Learn How to Bet on Tennis

Why Tennis Bettors Should Follow Players on Instagram

Following tennis players on Insta - and their partners - can reveal rest periods the market ignores, adding valuable info to helps bettors find small edges.

nishi
2 min read
Why Tennis Bettors Should Follow Players on Instagram

Can Instagram Give You a Tennis Betting Edge?

Following tennis players — and their partners — can reveal rest periods, injuries, and travel that the market often ignores. It's free information that many bettors don't use.

We are at the start of the season and, after a long year, most players have taken some time off in November and December — sometimes more, sometimes less. Physical rest, mental rest, or both. And this matters.

Some players start the preseason a bit later because they had physical issues, or simply because they finished the previous season very late and needed extra recovery time. Others start training very early and are already playing exhibition matches.

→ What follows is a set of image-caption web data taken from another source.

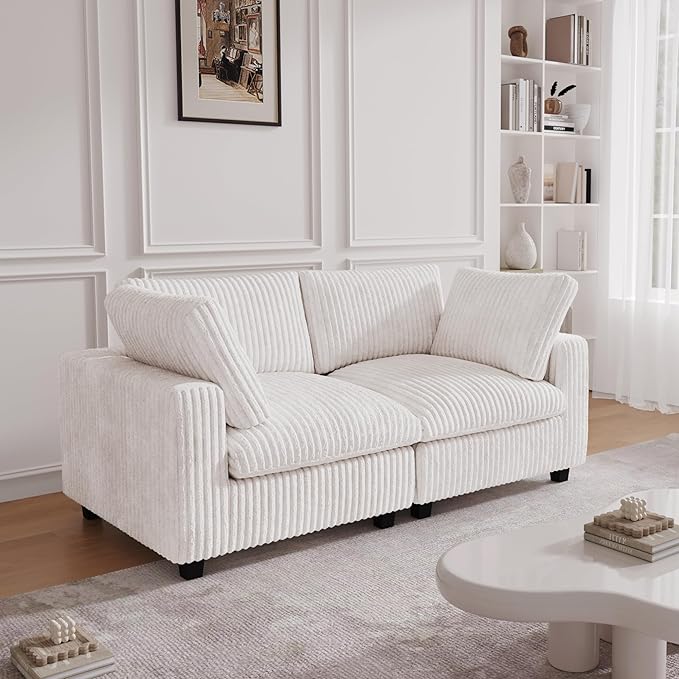 JACH 78 Deep Seat Sectional Couches Convertable Sleeper Sofa for Living Room Love Seat Couch Sofa Covers Washable Modular Sectional Sofas for Living Room Apartment Beige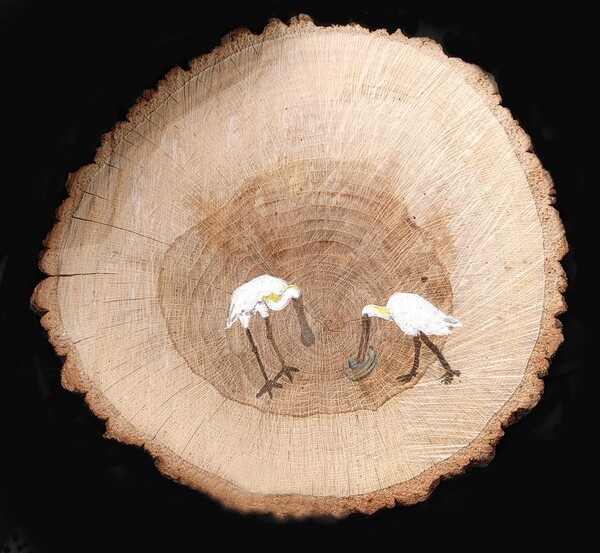 ‘저어새도 한반도의 평화를!’ (성효숙 작 / 참나무 조각, 아크릴물감) ▲작가의 말 “파주의 민통선 안에서 잘린 참나무에 멸종 위기 생명들을 그렸다.”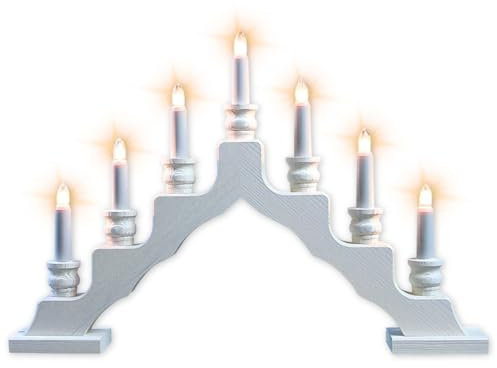 weigla - Schwedenleuchter original Erzgebirge I Trendiger Schwede WEIẞ I Schwibbogen Weihnachten I 7 Lampenkerzen + 1 Ersatzlampe I 7 x 34 V, 3 W, E10 I Weihnachtsdeko innen I Kiefernholz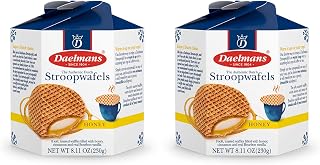 Daelmans Stroopwafels, Honey Dutch Waffle Cookies - 8.11 Oz (Pack of 2) | Office Snack, Dutch Waffles Soft Toasted, Made In Holland, 8 Stroopwafels Per Box, Certified Kosher Dairy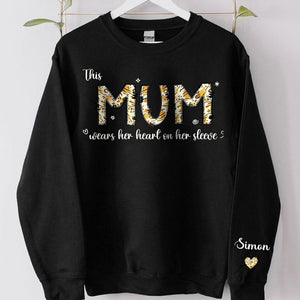 This Mommy Grandma Wears Her Heart On Her Sleeve, Personalized Sweatshirt Custom Name On Sleeve, Family Sweatshirt, Christmas Gift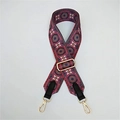 Detail of bohemian mandala print bag strap with adjustable golden metal buckle and hooks - Mandala Geometric Pattern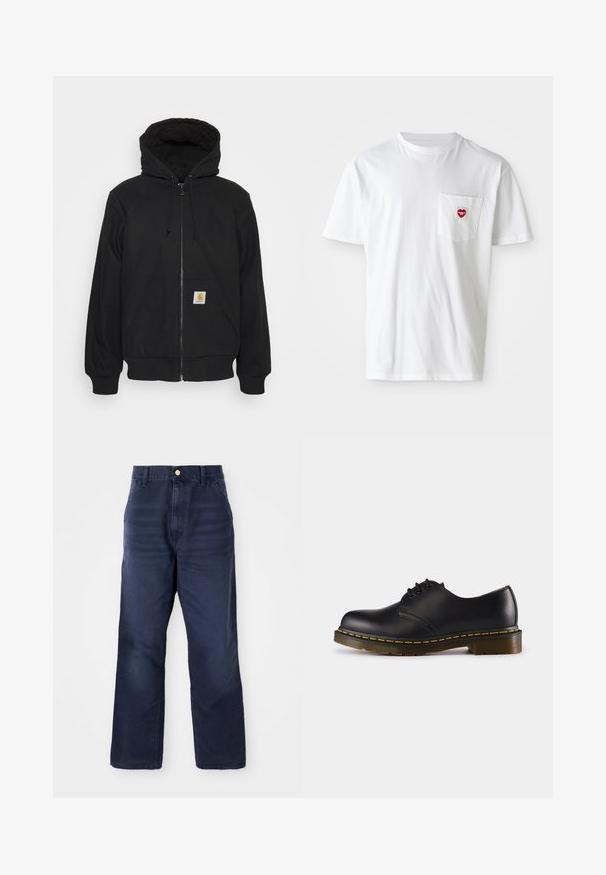 Schwarze Zip-Jacke mit einer gesteppte Kapuze, Kordelzügen und Fronttaschen. Enthält ein Logo-Patch auf der linken Tasche und gerippte Bündchen.; Weißes Baumwoll-T-Shirt mit rundem Halsausschnitt und kurzen Ärmeln. Verfügt über ein kleines rotes Herzlogo auf der linken Brusttasche.; Dunkelblaue Denim-Hosen mit geradem Bein, ausgestattet mit einem vorderen Knopfverschluss, Gürtelschlaufen und ohne sichtbare Muster oder Akzente.; Schwarzer Lederschuh mit abgerundeter Zehenpartie, Schnürdesign, gelbe Stickerei entlang der Sohle und einer kräftigen, strukturierten Gummisohle.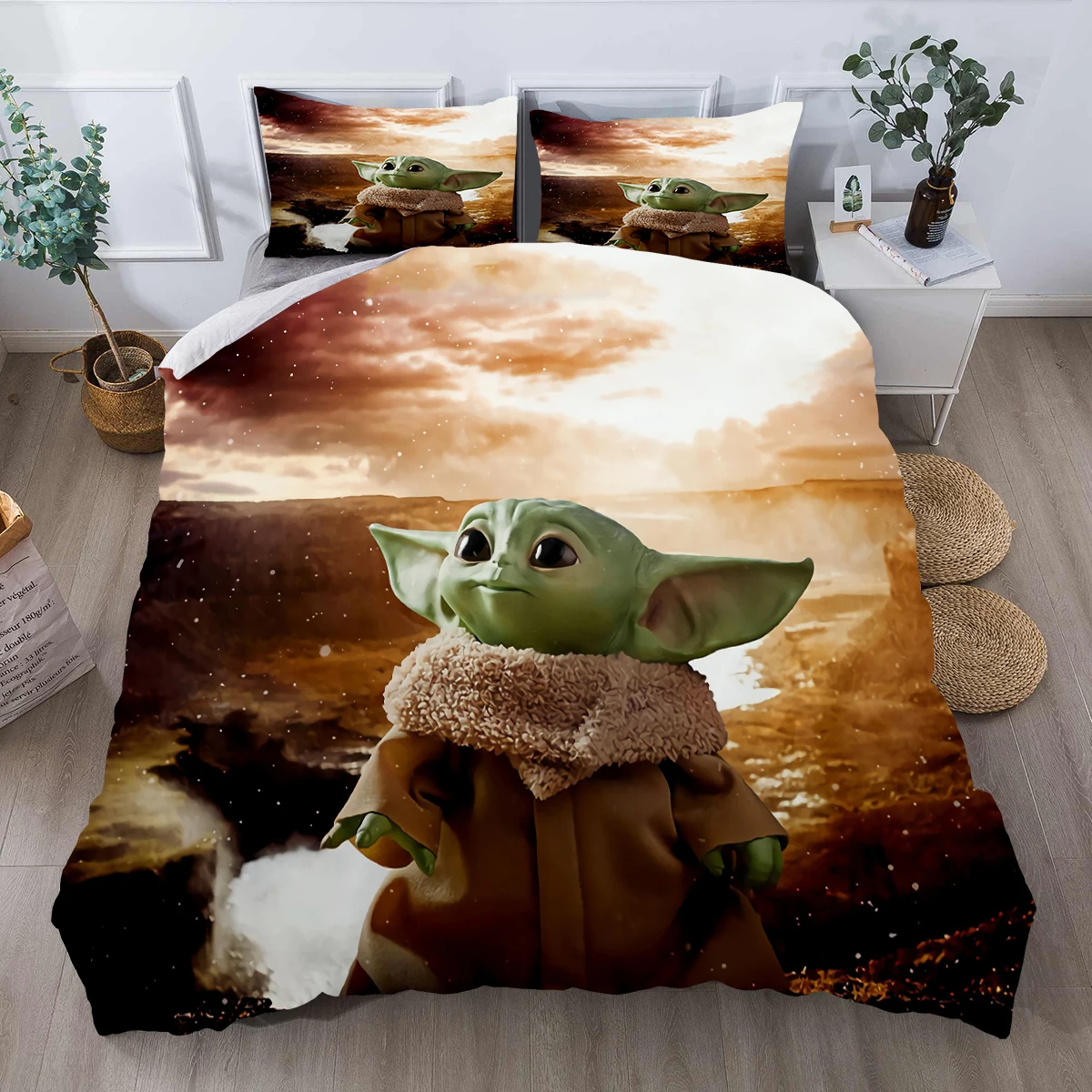 Disney Bedding Set Yoda Baby Series Duvet Cover Chilren Teen Bed Cover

I often gather this kind of information from Instagram players' accounts, when it's available. Not only now, at the start of the season, but throughout the year as well.

Years ago, I mainly used Twitter to follow players. Over time, however, more and more of them have shifted to Instagram and barely post on X anymore. In fact, I still follow many players on X from years back, but most of them are now active almost exclusively on Instagram.

What Players Reveal

Sometimes they openly share interesting things: training blocks, gyms, courts, travel, or even comments about how their body feels. And sometimes, more importantly, they show when they are not training.

During the season, players also take breaks — planned or unplanned. And many times, it's their posts that reveal it. Not through official statements, but through small details: beaches, long trips, silence, or "life content" instead of tennis content.

The Secret Source: Players' Partners

But here's where it gets even more interesting.

Some players often don't post much. But their girlfriends or wives do.

They usually have fewer followers, are less scrutinized, and post more naturally. Vacation photos, stories from resorts, sunsets, cocktails. And if I see a player's partner in the Caribbean, I can reasonably infer the player might be there too.

That information is valuable.

He might still be training on vacation, I know. But if you're relaxing, you're usually not training hard. At the very least, intensity and volume are lower.

Why the Market Doesn't Price This In

Of course, this information alone rarely justifies a bet. But it's an extra piece of the puzzle. And the key point is that, unless it's a top, highly followed player, the market does not use to price this in. Or if they do, it’s not when the odds are first released, but closer to market close — when perhaps a tipster with many followers has already mentioned it.

Betting is about collecting many small pieces of information. Individually, almost none of them leads to a bet.

But together — mixed with experience, intuition, and numbers — they can lead to positive EV decisions. This is exactly what in financial analysis is called "the Mosaic Theory."

Conclusion

I know it's a bit of work to find players on Insta, and even more their partners, but following both — especially the partners — can help your betting.